Section 4. Liquidation Rights.
(a) In the event of the liquidation, dissolution, or winding up of the
business of the Corporation, whether voluntary or involuntary, the holders of
shares of PRIDES then outstanding, after payment or provision for payment of the
debts and other liabilities of the Corporation and the payment or provision for
payment of any distribution on any shares of the Corporation having a preference
and a priority over the shares of PRIDES on liquidation, and before any
distribution to the holders of Junior Stock, shall be entitled to be paid out of
the assets of the Corporation available for distribution to its stockholders an
amount per share of PRIDES in cash equal to the sum of (i) $ plus (ii) all
accrued and unpaid dividends thereon. In the event the assets of the Corporation
available for distribution to the holders of the shares of PRIDES upon any
dissolution, liquidation or winding up of the Corporation shall be insufficient
to pay in full the liquidation payments payable to the holders of outstanding
shares of PRIDES and of all other series of Parity Preferred Stock, the holders
of shares of PRIDES and of all other series of Parity Preferred Stock shall
share ratably in such distribution of assets in proportion to the amount which
would be payable on such distribution if the amounts to which the holders of
outstanding shares of PRIDES and the holders of outstanding shares of such
Parity Preferred Stock were paid in full. Except as provided in this Section 4,
holders of PRIDES shall not be entitled to any distribution in the event of
liquidation, dissolution or winding up of the affairs of the Corporation.

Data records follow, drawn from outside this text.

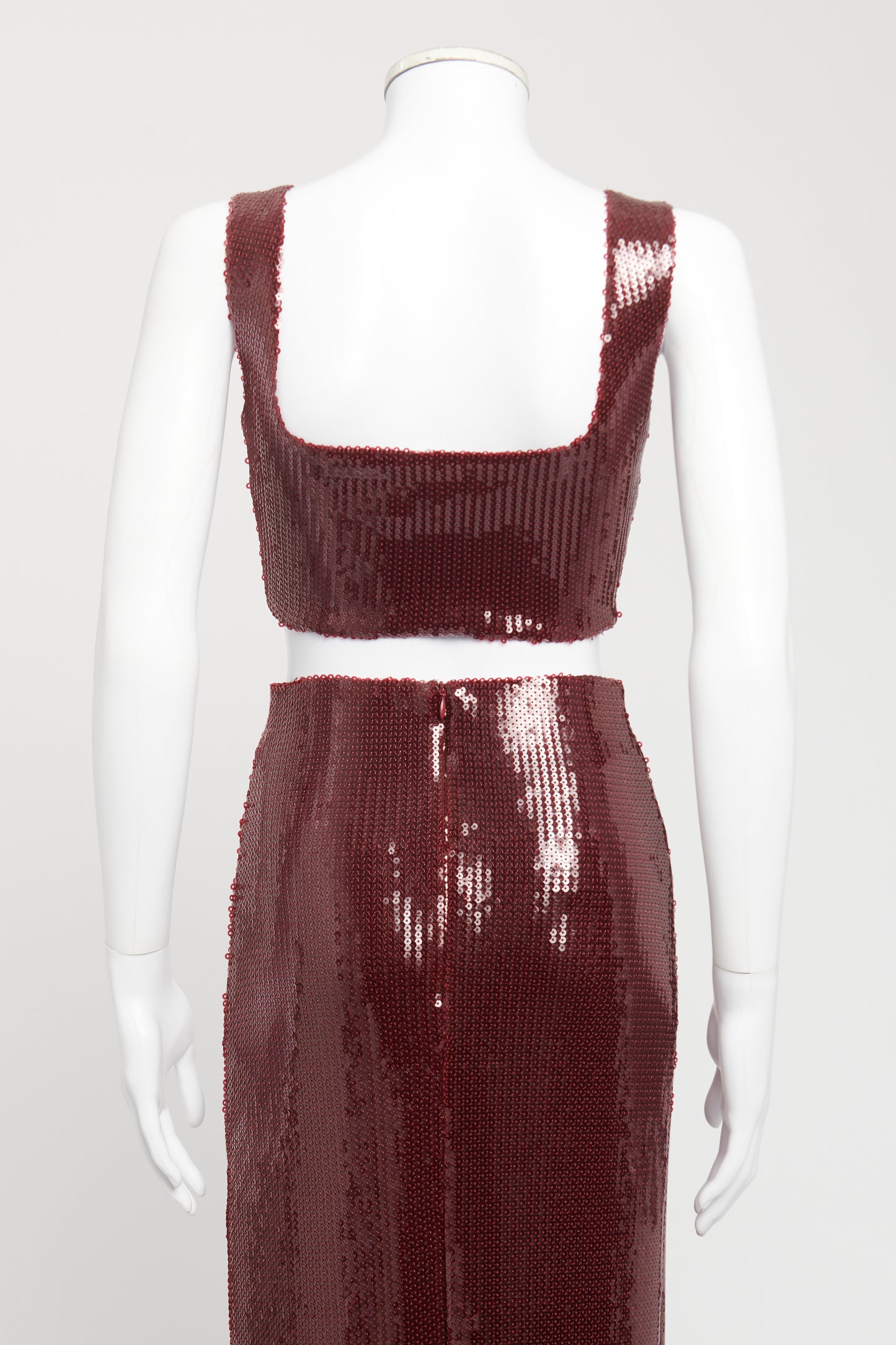 Burgundy Sequin Preowned Beating Heart Crop Top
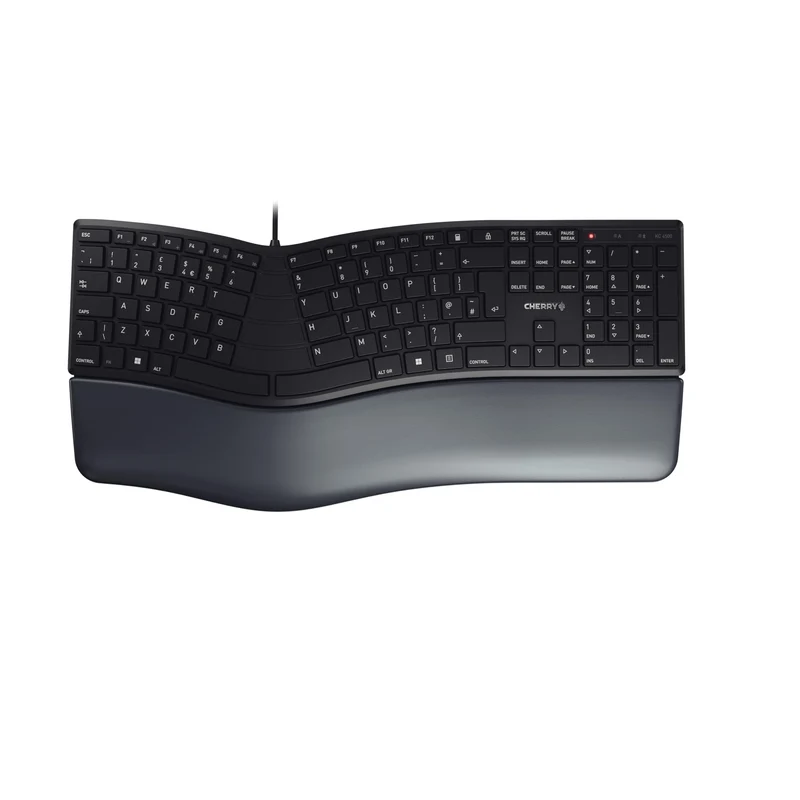 CHERRY KC 4500 ERGO, ergonomische Tastatur, Britisches Layout (QWERTY), kabelgebunden, gepolsterte H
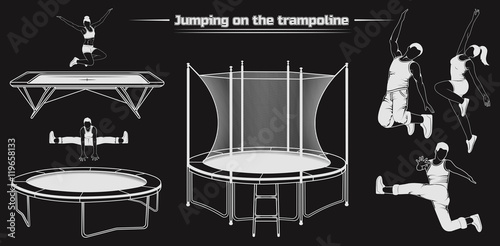 Set of silhouettes of people jumping on the trampoline. Vector i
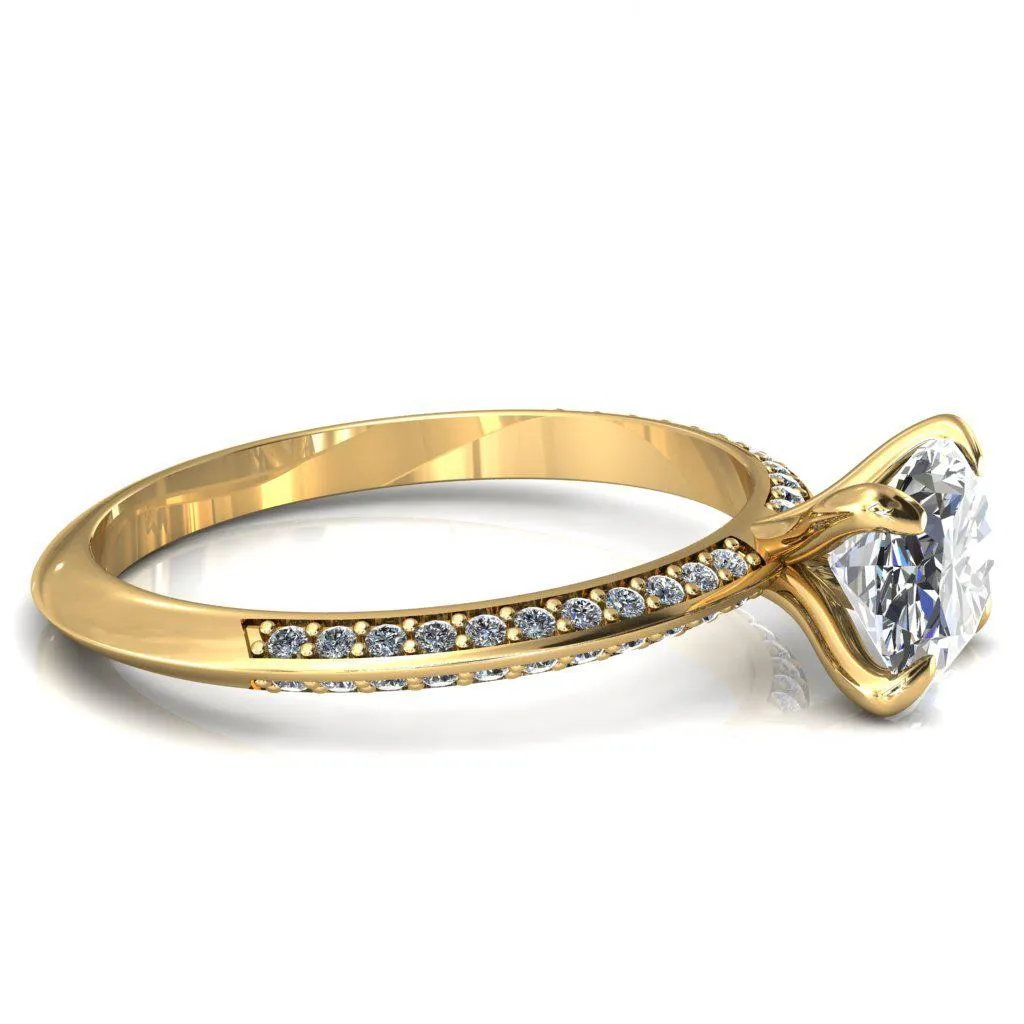 Nancy Oval Center Stone East-West 4 Prong 1/2 Eternity Diamond Knife Shank Accent Engagement Ring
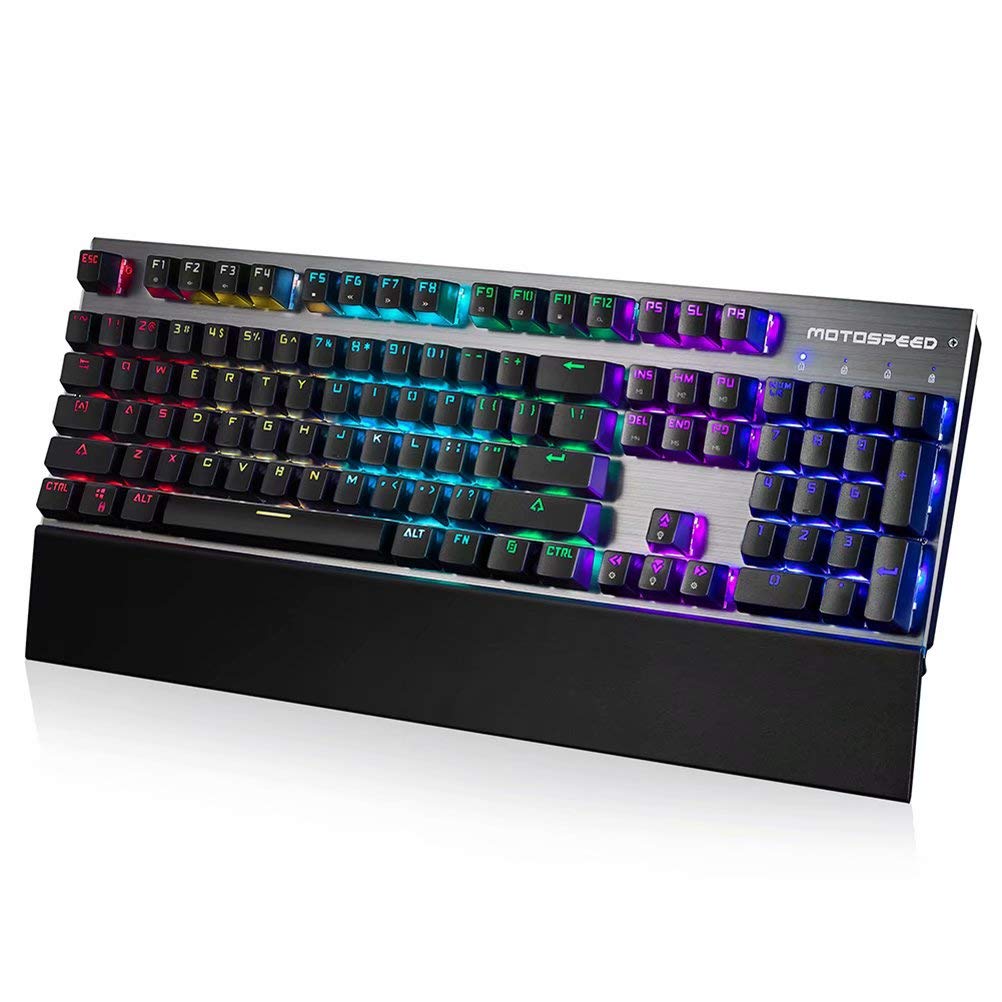 Meccanico tastiera USB Wired Gaming tastiera blu/nero interruttore con 18 modalità di retroilluminazione per Desktop del computer portatile del giocatore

(b) For the purposes of this Section 4, none of the following shall be
deemed to be a voluntary or involuntary liquidation, dissolution or winding up
of the Corporation:
(i) the sale, lease, transfer or exchange of all
or substantially all of the assets of the
Corporation; or
(ii) the consolidation or merger of the
Corporation with one or more other
corporations (whether or not the Corporation
is the corporation surviving such
consolidation or merger).
Section 5. Definition. As used in this Article XIV, the
term "Common Stock" shall mean any stock of any class of the Corporation which
has no preference in respect of dividends or of amounts payable in the event of
any voluntary or involuntary liquidation, dissolution or winding up of the
Corporation and which is not subject to redemption by the Corporation. However,
shares of Common Stock issuable upon conversion of shares of PRIDES shall
include only shares of the class designated as Common stock as of January ,
1996, or shares of the Corporation of any class or classes resulting from any
reclassification or reclassification thereof and which have no preference in
respect of dividends or of amounts payable in the event of any voluntary or
involuntary liquidation, dissolution or winding up of the Corporation and which
are not subject to redemption by the Corporation; provided, however, that, if at
any time there shall be more than one such resulting class, the shares of each
such class then so issuable shall be substantially in the proportion which the
total number of shares of such class resulting from such reclassification bears
to the total number of shares of all classes resulting from all such
reclassification.
Section 6. No Preemptive Rights. The holders of shares of PRIDES shall
have no preemptive rights, including preemptive rights with respect to any
shares of capital stock or other securities of the Corporation convertible into
or carrying rights or options to purchase any such shares.
Section 7. Voting Rights.
(a) The holders of shares of PRIDES shall have the right with the
holders of Common Stock to vote in the election of directors and upon each other
matter coming before any meeting of the stockholders on the basis of 4/5 of a
vote for each share held. The holders of shares of PRIDES and the holders of
Common stock shall vote together as one class except as otherwise set forth
herein or as otherwise provided by law or elsewhere in the Articles of
Incorporation.
(b) If at any time dividends payable on the shares of PRIDES or any
other series of Preferred Stock are in arrears and unpaid in an aggregate amount
equal to or exceeding the aggregate amount of dividends payable thereon for six
quarterly dividend periods, or if any other series of Preferred Stock shall be
entitled for any other reason to exercise voting rights, separate from the
Common Stock, to elect any Directors of the Corporation ("Preferred Stock
Directors"), the holders of the shares of PRIDES, voting separately as a class
with the holders of all other series of Preferred Stock upon which like voting
rights have been conferred and are exercisable, with each share of PRIDES
entitled to vote on this and other matters upon which Preferred Stock votes as a
group, shall have the right to vote for the election of two Preferred Stock
Directors of the Corporation, such Directors to be in addition to the number of
Directors constituting the Board of Directors immediately prior to the accrual
of such right. Such right of the holders of shares of PRIDES to elect two
Preferred Stock Directors shall, when vested, continue until all dividends in
arrears on the shares of PRIDES and such other series of Preferred Stock shall
have been paid in full and the right of any other series of
Preferred Stock to exercise voting rights, separate from the Common Stock, to
elect Preferred Stock Directors shall terminate or have terminated and, when so
paid, and any such termination occurs or has occurred, such right of the holders
of shares of PRIDES to elect two Preferred Stock Directors separately as a class
shall cease, subject always to the same provisions for the vesting of such right
of the holders of the shares of PRIDES to elect two Preferred Stock Directors in
the case of future dividend defaults.
The term of office of each Director elected pursuant to the preceding
paragraph shall terminate on the earlier of (i) the next annual meeting of
stockholders at which a successor shall have been elected and qualified or (ii)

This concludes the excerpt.